For both sands, an acceptable agreement between the experimental data and the results of the numerical simulations can be observed for the parameters calibrated by hand. The parameters \(h_s\), n and \(\beta \) of the hypoplastic model have been calibrated to reproduce the first loading curves of the oedometric compression tests on loose samples, thus the good prediction at this phase of the test. For the UWA Silica Sand, noticeable differences for the oedometric compression tests on dense samples are observed. In comparison, the simulations with the parameters obtained from ExCalibre show a worse agreement with the experimental data. This applies in particular to the test on the loose sample of Karlsruhe Sand. For the UWA Silica Sand the parameters calibrated with the help of ExCalibre rendered better results compared to the ones calibrated by hand.

Fig. 3
figure 3

Comparison of experiments (black) and simulation results (colored) for oedometric compression tests and drained monotonic triaxial tests on samples of UWA Silica Sand with different initial densities and different initial mean effective stresses. The hypoplastic parameters were calibrated by hand and by ExCalibre [23, 24]

From the simulations of the drained monotonic triaxial tests, one may note that the peak strength is slightly overestimated for both sands. This is more pronounced in case of the UWA Silica Sand, especially for initially loose samples at low initial stress (\(p_0=\{50~\text{ kPa }, 100~\text{ kPa }\}\)). Except from the test at high initial stress (\(p_0=400\) kPa), the residual shear strength is reproduced reasonably well in the simulations of the Karlsruhe Sand. The simulated volumetric strain behavior for initially loose samples can be judged as satisfactory. However, significant differences are noted in the \(\varepsilon _v-\varepsilon _1\) plots for the medium-dense and dense samples. The inability of the hypoplastic model in reproducing the volumetric strain behavior of dense samples is clearly visibly. This is because the parameter \(\alpha \) controlling these curves was previously calibrated to reproduce the peak stress of the test (a common approach to calibrate the hypoplastic constitutive model). For Karlsruhe Sand, the parameters calibrated using ExCalibre overestimate the initial stiffness and show slightly worse agreement with the experimental results compared to the parameters calibrated by hand. For the UWA Silica Sand, the simulations using the parameters determined with the help of ExCalibre show a worse match with the experimental data than the ones using the parameters calibrated by hand. In this case, the initial stiffness in the \(q-\varepsilon _1\) plot is underestimated and the \(\varepsilon _v-\varepsilon _1\) behavior noticeably underestimates dilatancy.

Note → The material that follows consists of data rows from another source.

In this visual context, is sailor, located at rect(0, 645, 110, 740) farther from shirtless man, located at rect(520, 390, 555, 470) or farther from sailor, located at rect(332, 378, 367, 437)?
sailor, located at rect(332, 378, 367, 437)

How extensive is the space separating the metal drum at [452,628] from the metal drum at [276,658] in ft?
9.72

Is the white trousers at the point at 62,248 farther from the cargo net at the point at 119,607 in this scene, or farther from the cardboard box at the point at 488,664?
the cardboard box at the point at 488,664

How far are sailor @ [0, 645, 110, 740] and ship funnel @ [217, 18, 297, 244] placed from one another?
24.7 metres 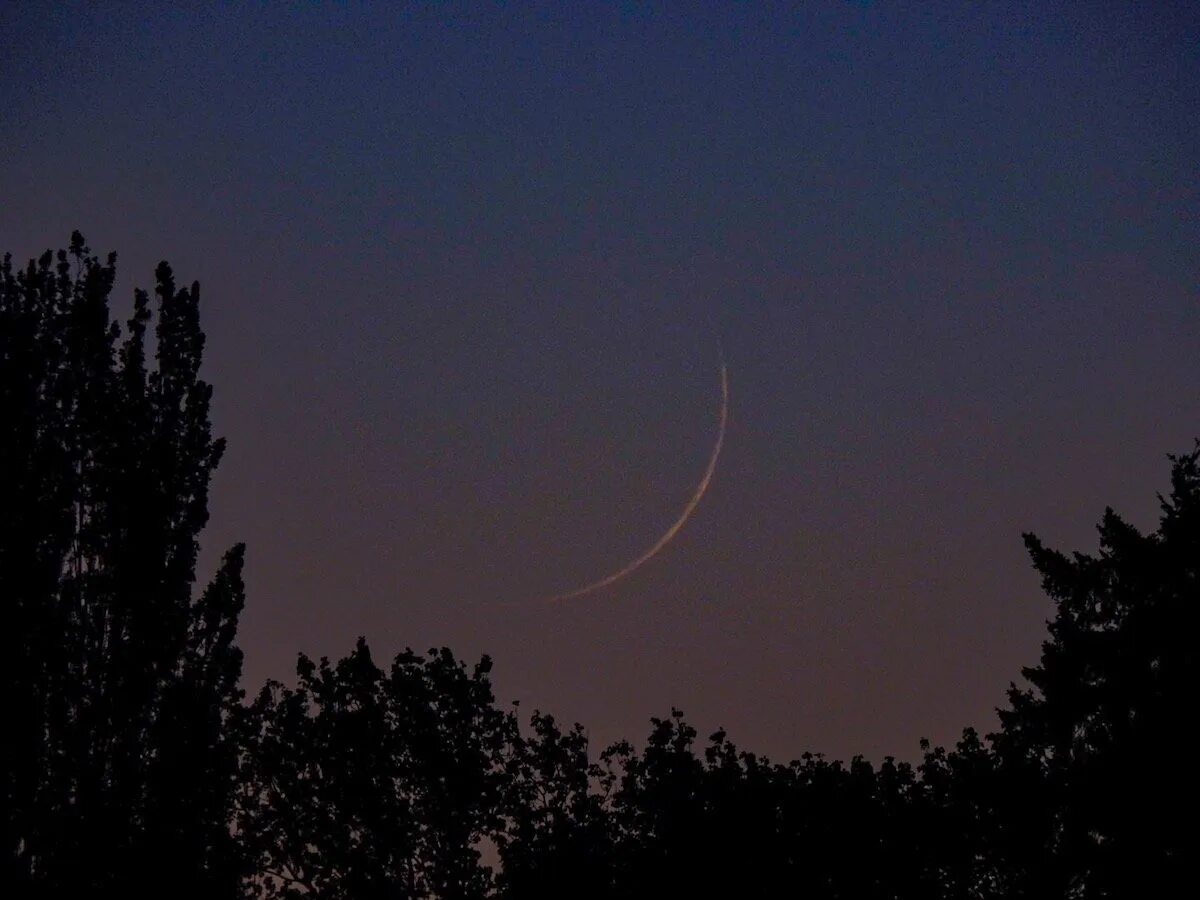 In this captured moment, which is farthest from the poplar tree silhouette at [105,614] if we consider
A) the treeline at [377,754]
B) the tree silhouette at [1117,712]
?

In summary, the simulation results obtained with the help of the software ExCalibre are of similar quality to those using parameters calibrated by hand. The parameters determined in this way provide a reference for assessing the quality of the parameters obtained by AC. In addition, they also reveal some weaknesses, and it will be interesting to see whether the AC can reduce or even avoid them.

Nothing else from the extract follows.